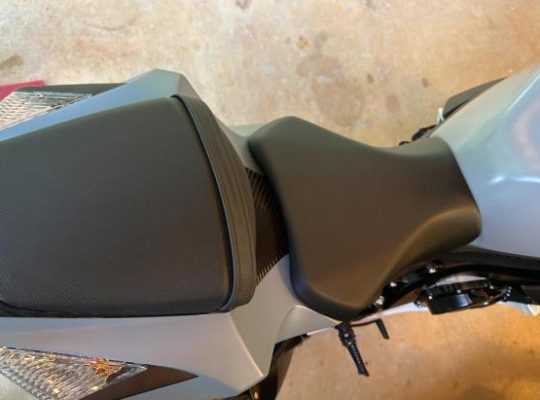 2022 SUZUKI GSX-R600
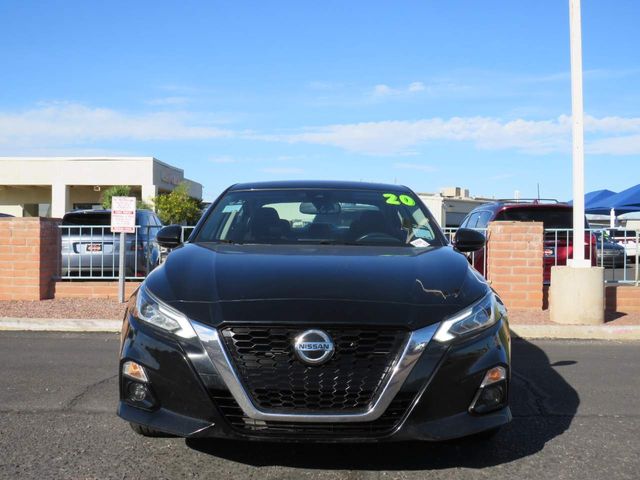 2020 Nissan Altima 2.5 SV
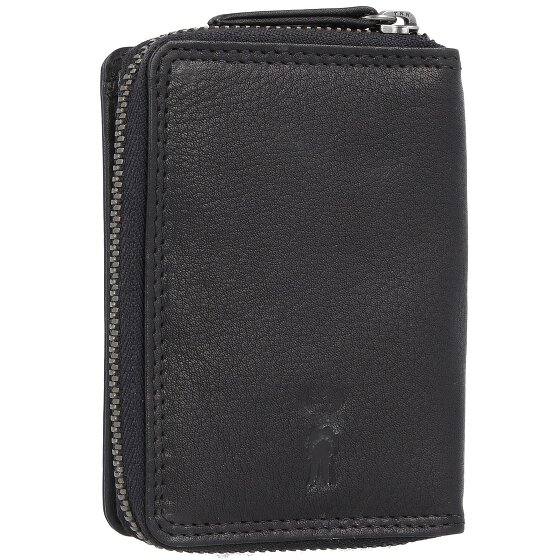 Jack Kinsky Brisbane Wallet RFID Leather 7,5 cm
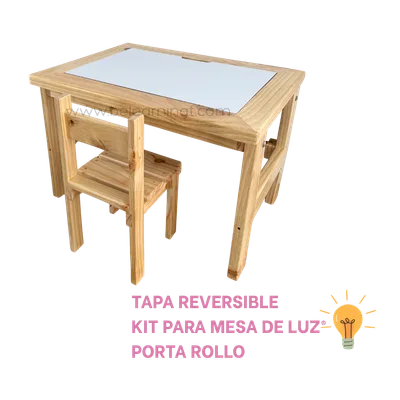 Mesa Sensorial Súper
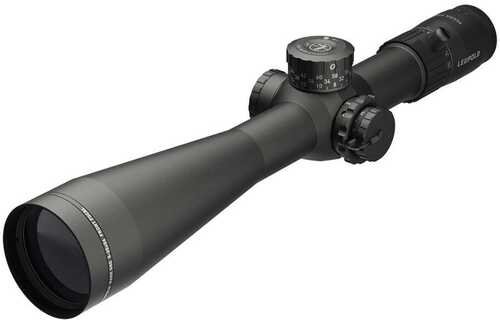 Leupold Mark 5HD Rifle Scope 5-25x56 M1C2 FFP Illum Gunwerks RH1 MOA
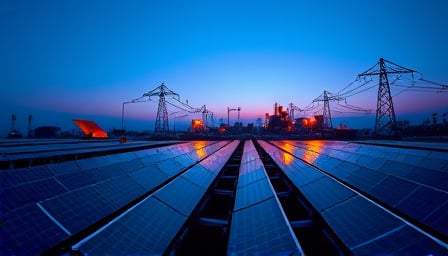 Eni SpA Stock Price Surges Past 52-Week Low Amid Energy Sector Rally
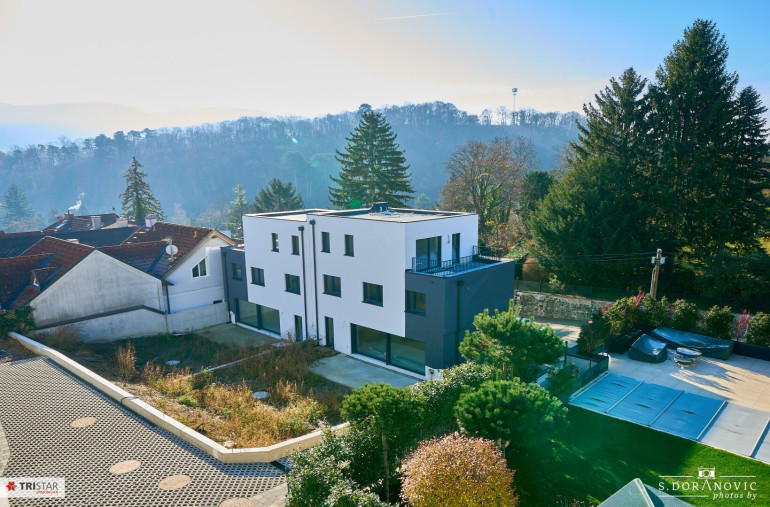 Haus - 3400, Klosterneuburg - NEU! SCHLÜSSELFERTIG ++ EIGENGRUND: KEIN PACHT- ODER BAURECHT ++ ZIEGELMASSIV ++ KELLER ++ PKW-STELLPLÄTZE ++ KLOSTERNEUBURG ++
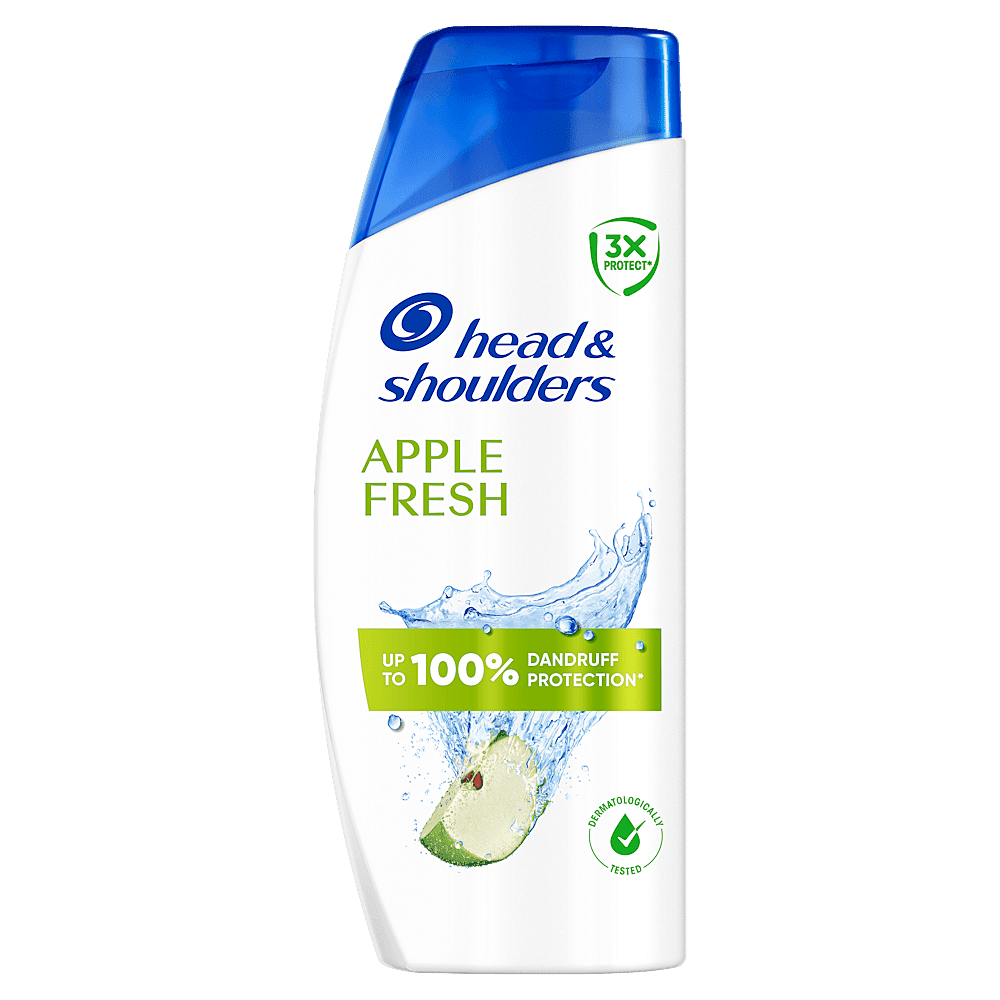HEAD&SHOULDERS Šampon apple fresh 625 ml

....

> Work request:
Go back to the line containing "Jack Kinsky Brisbane" and output it and every line after it through the end of the records, exactly, but not the pictures.

> Output for this task:
 Jack Kinsky Brisbane Wallet RFID Leather 7,5 cm
 Mesa Sensorial Súper
 Leupold Mark 5HD Rifle Scope 5-25x56 M1C2 FFP Illum Gunwerks RH1 MOA
 Eni SpA Stock Price Surges Past 52-Week Low Amid Energy Sector Rally
 Haus - 3400, Klosterneuburg - NEU! SCHLÜSSELFERTIG ++ EIGENGRUND: KEIN PACHT- ODER BAURECHT ++ ZIEGELMASSIV ++ KELLER ++ PKW-STELLPLÄTZE ++ KLOSTERNEUBURG ++
HEAD&SHOULDERS Šampon apple fresh 625 ml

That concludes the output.